> WHAT THE TASK REQUIRES
Retype only the lines below from the one with "بیماری پروانهای بیشتر" to the one with "Sùi mào gà có", inclusive, skipping every image.

> DATA EXTRACT
###

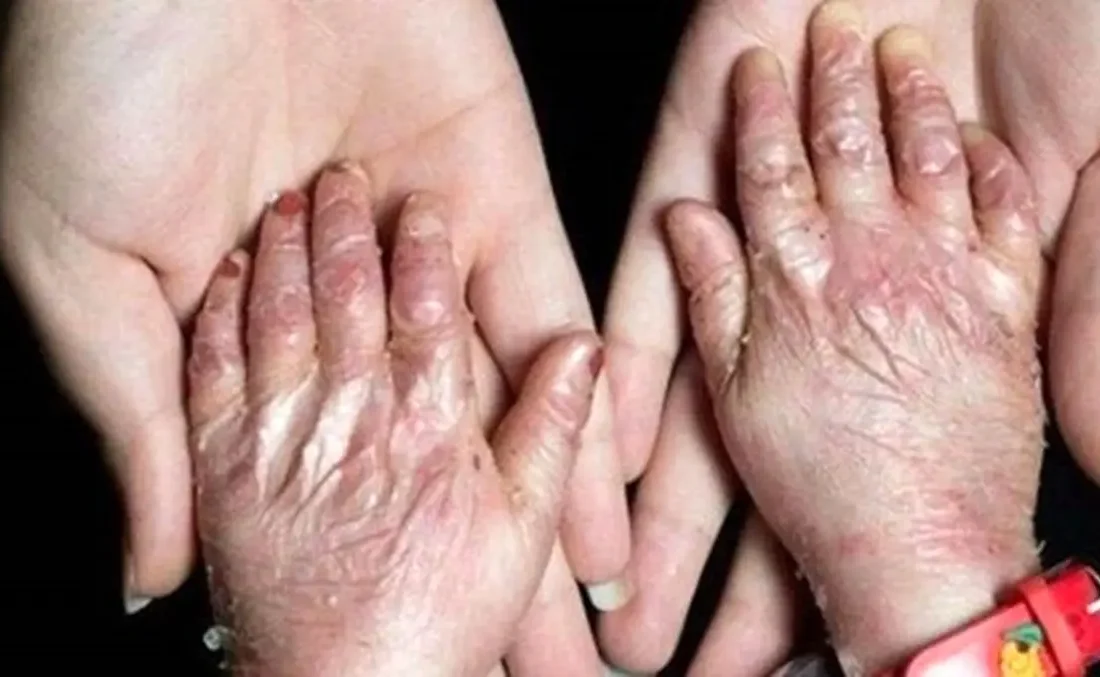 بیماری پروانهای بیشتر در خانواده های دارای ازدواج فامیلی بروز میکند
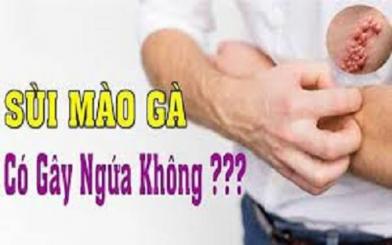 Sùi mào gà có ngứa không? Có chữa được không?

###

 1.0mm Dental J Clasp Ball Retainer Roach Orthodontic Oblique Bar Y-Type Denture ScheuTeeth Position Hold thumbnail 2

###

> RESPONSE
 بیماری پروانهای بیشتر در خانواده های دارای ازدواج فامیلی بروز میکند
 Sùi mào gà có ngứa không? Có chữa được không?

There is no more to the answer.